Just as NetEye monitors the states of hosts and servers, it is also important to monitor the health of NetEye itself. In fact, there are multiple reasons for monitoring NetEye’s health, and thus the health checks are divided into two types:

  • The Light check is a sequence of very lightweight checks ( think ping) that tells you quickly whether important parts of NetEye are up and running. Running a light check is almost instantaneous, with very little computational impact on the NetEye server.

  • Deep checks instead are intended for tasks like verifying the integrity and consistency of resources. They can be computationally expensive and are typically used before an update or upgrade.

Because the light check has such a slight impact, it can itself be used as a monitoring command, just like any other monitoring check. This includes using it in Director (as neteye check), where it might run every 5 minutes, and trigger notifications on a specific result. The deep check on the other hand should not be used as a monitoring command because it would interrupt other NetEye functions.

Scenarios in which the use of deep checks is suggested include:

  1. Before and after a NetEye upgrade. The update and upgrade procedures are indeed important tasks to carry out to ensure that NetEye works smoothly and is constantly up to date with the latest features and bug fixes. It is therefore a good practice to ensure that the health of a NetEye installation, either single or within a cluster, is acceptable, both before and after the upgrade. How to check the health of NetEye in this scenario is explained in the dedicated section at the bottom of this page.

  2. After a power outage. When power goes suddenly out, a number of processes may be interrupted while they are operating, with the result that data might be lost and configurations might be broken, therefore running a deep health check after resuming operation is a good practice.

  3. When manually troubleshooting a failing light check to find the root cause. Light checks might fail for a number of reason, not always obvious at a first inspection. To find the real reason for a lightweight check to fail, a deep health check might provide a more thorough analysis and detailed information about the failure.
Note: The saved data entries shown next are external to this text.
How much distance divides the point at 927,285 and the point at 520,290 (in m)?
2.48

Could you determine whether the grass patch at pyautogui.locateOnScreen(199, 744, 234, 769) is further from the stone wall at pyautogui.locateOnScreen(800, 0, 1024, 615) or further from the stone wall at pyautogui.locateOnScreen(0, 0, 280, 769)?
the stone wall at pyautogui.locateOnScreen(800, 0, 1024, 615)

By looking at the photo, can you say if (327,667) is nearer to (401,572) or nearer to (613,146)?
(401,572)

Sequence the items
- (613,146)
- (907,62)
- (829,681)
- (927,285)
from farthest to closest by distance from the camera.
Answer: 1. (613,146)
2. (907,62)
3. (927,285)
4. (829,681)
The Health Check module provides a command that is automatically attached via the health-check-neteyelocal service to the neteye-local host.

Technical Details

Both the light and deep checks are implemented as shell commands that call a set of scripts in a particular order. These scripts can also be run individually.

Note

For security reasons, some of the scripts are not cluster aware: they in fact verify the state of the node they are running on without checking the states of the other nodes in a NetEye cluster. To ensure the cluster is healthy, execute the checks on each node and make sure no one is failing.

The syntax of the commands are as follows:

# neteye health light
# neteye health deep
# neteye check

They each return a standard monitoring exit code (a number 0-3). Note however that only the third command should be used for monitoring purposes. Also, the current implementation of the neteye check command is to call the light health check.
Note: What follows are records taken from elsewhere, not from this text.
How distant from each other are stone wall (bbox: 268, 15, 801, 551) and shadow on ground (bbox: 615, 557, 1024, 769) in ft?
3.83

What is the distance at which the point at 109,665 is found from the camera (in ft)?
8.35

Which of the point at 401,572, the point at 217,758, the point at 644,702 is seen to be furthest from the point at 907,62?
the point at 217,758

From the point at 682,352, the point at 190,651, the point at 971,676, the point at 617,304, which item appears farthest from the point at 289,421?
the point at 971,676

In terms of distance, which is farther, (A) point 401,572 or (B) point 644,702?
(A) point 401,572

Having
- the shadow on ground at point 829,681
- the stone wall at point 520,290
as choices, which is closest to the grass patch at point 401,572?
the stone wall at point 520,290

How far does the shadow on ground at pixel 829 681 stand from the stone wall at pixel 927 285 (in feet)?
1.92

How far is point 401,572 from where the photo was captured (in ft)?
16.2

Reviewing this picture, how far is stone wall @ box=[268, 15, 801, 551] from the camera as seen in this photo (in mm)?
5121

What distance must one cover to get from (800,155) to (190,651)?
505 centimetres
The scripts called by the health checks can be found in the following directories:

/usr/share/neteye/scripts/neteye/health.d/light/
/usr/share/neteye/scripts/neteye/health.d/deep/

If an error occurs when one of the scripts is running, the output will also contain the path to the individual script that failed.

Pre-Update and Pre-Upgrade Checks

Before any update or upgrade procedure, it is recommended to monitor the health of the NetEye installation via health checks.

A deep check can be run by typing the following command:

# neteye health deep
OK - All deep health checks succeeded.
[..]

Remember that, in case of a cluster, the checks must be executed on every node before continuing with the update or the upgrade procedure.

Furthermore, to ensure that an update or upgrade will go smoothly, the neteye_secure_install script will also check that the system is prepared. For instance, one check will search for any .rpmnew and .rpmsave files created during the update/upgrade process.

If one or more of these checks fail, the neteye_secure_install script will halt before the update/upgrade begins. In this case, it is enough to fix the problem and then re-run the neteye_secure_install.